Directions: Exactly the lines below from the line with "Bloc-note Yellow Magnolias" through the line with "Whenever You Need" must make up the answer, both ends included and pictures left out.

Given data:
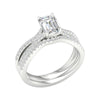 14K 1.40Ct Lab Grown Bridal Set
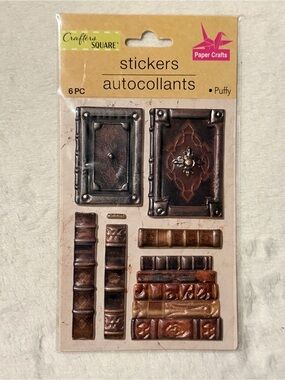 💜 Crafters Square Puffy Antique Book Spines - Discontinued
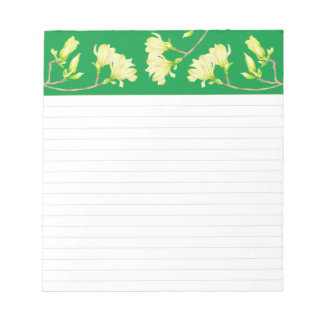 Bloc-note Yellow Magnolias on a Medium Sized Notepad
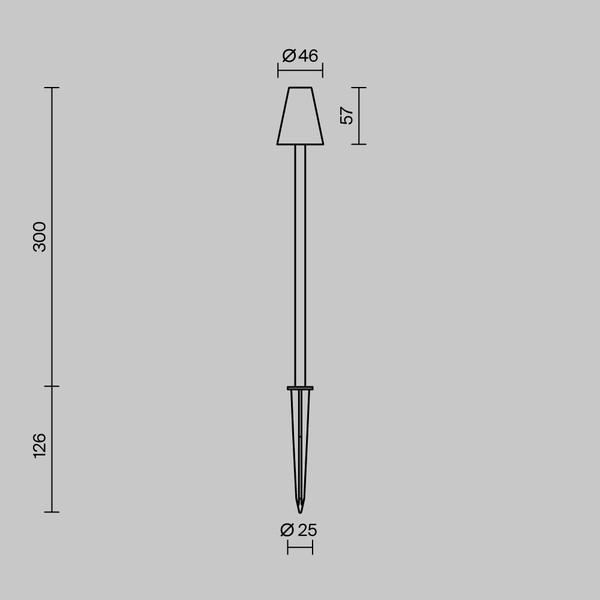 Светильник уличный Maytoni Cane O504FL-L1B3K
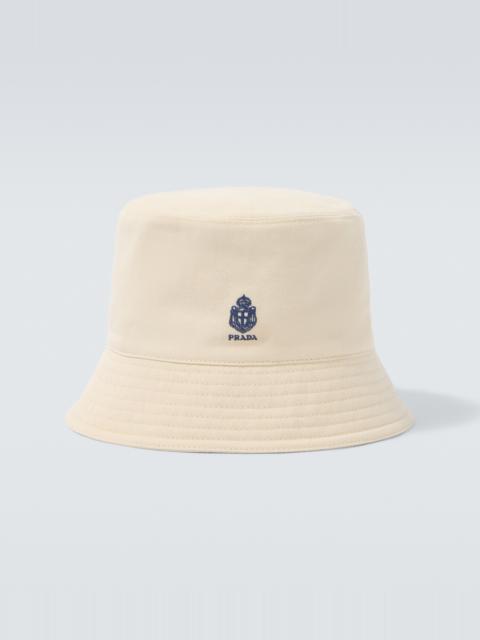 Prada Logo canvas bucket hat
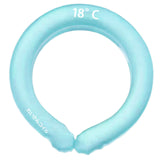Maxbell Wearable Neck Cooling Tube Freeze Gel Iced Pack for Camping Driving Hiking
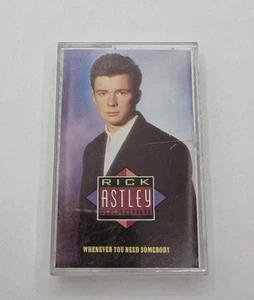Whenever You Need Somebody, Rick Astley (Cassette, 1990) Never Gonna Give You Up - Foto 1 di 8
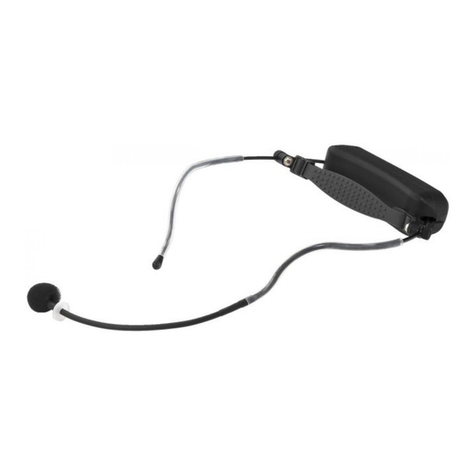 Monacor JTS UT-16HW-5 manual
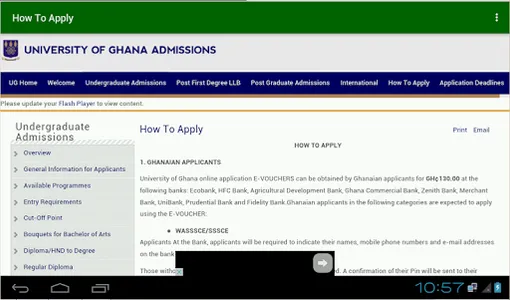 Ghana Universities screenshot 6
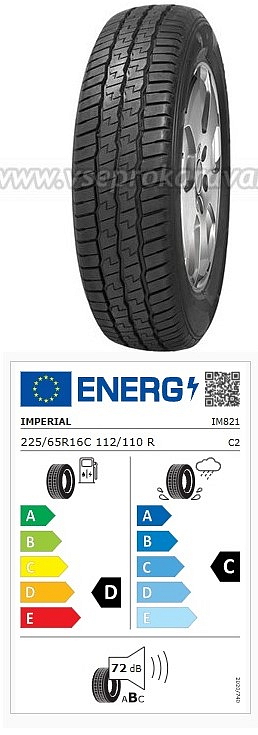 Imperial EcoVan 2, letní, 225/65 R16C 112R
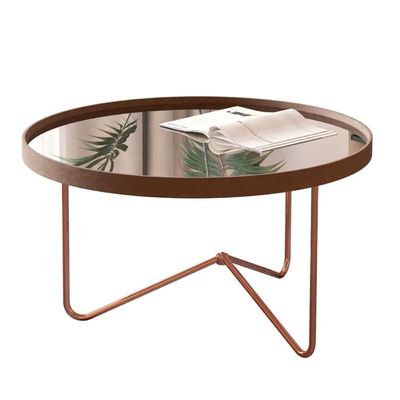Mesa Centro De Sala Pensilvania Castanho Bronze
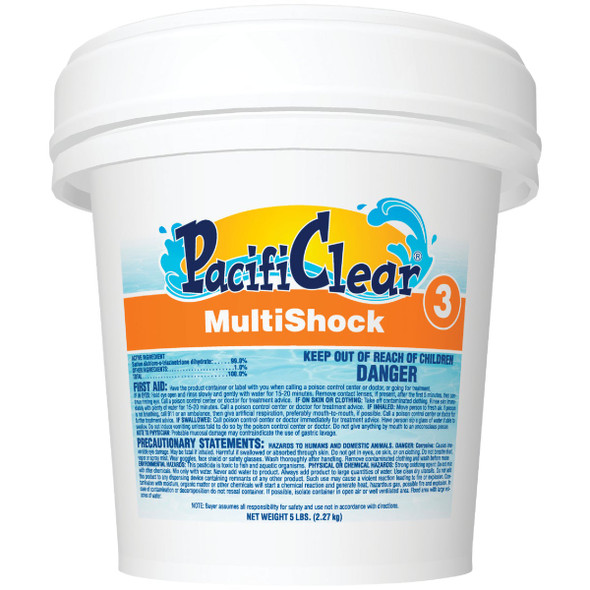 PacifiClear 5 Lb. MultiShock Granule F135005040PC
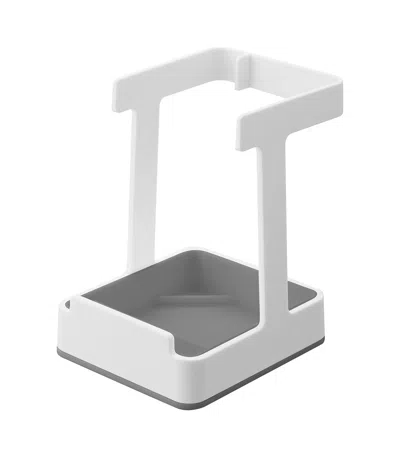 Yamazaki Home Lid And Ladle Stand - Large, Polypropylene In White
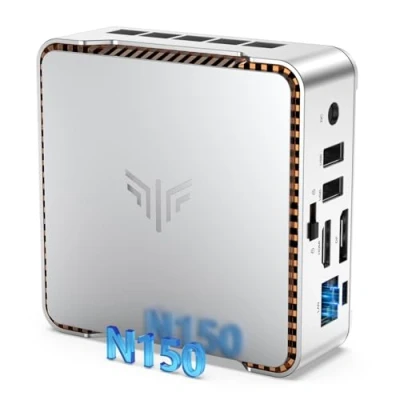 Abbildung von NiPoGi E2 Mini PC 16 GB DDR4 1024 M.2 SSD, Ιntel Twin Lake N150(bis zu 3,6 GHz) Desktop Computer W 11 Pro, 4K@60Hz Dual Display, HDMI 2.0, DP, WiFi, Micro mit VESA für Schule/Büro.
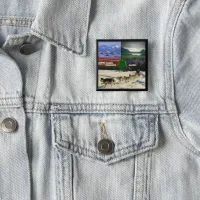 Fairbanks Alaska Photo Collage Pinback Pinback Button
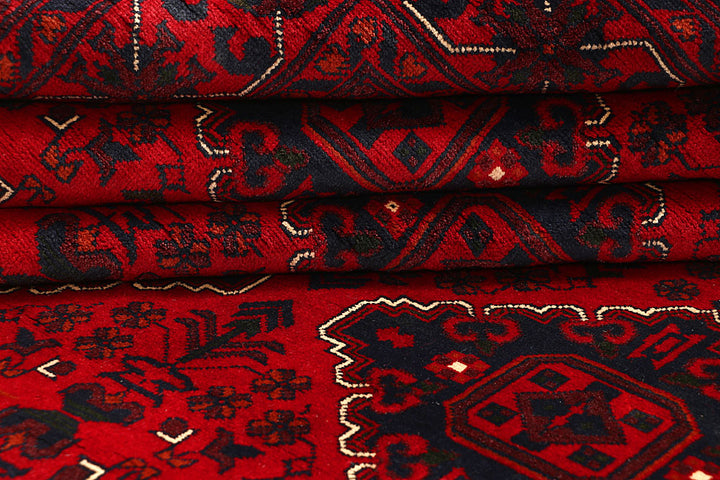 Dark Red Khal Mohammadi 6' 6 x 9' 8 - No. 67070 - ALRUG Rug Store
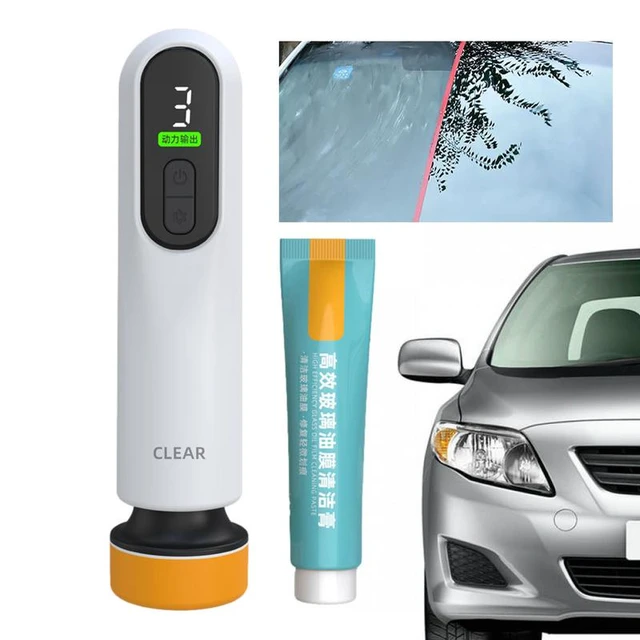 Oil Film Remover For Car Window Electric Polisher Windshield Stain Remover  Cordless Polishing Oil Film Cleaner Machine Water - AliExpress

Solution to the exercise:
 Bloc-note Yellow Magnolias on a Medium Sized Notepad
 Светильник уличный Maytoni Cane O504FL-L1B3K
 Prada Logo canvas bucket hat
Maxbell Wearable Neck Cooling Tube Freeze Gel Iced Pack for Camping Driving Hiking
Whenever You Need Somebody, Rick Astley (Cassette, 1990) Never Gonna Give You Up - Foto 1 di 8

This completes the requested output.